## PROBLEM STATEMENT
Going through the data below, find how many lines include the word "Black", and reply with that number alone.

## INPUT MATERIAL
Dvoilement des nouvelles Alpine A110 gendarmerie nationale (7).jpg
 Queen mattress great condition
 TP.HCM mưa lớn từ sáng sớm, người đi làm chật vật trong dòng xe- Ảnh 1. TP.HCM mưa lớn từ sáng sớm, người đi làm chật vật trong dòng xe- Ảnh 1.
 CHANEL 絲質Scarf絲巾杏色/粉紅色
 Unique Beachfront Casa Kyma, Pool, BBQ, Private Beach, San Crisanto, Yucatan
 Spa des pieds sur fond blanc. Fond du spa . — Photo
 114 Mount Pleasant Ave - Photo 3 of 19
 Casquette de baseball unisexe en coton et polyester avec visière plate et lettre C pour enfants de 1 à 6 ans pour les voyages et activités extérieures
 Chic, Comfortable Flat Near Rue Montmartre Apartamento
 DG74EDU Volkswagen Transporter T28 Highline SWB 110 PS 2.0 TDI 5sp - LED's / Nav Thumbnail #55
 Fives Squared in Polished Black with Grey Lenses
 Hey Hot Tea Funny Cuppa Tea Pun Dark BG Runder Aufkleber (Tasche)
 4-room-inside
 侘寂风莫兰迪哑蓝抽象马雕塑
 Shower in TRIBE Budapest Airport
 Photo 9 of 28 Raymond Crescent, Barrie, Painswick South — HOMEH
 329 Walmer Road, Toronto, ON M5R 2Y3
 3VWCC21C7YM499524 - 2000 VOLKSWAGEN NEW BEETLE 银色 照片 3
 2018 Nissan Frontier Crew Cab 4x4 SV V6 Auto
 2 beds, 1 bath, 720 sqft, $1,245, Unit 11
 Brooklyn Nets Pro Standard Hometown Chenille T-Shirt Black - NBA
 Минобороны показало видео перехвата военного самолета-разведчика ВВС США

## SOLUTION TO THIS EXERCISE
2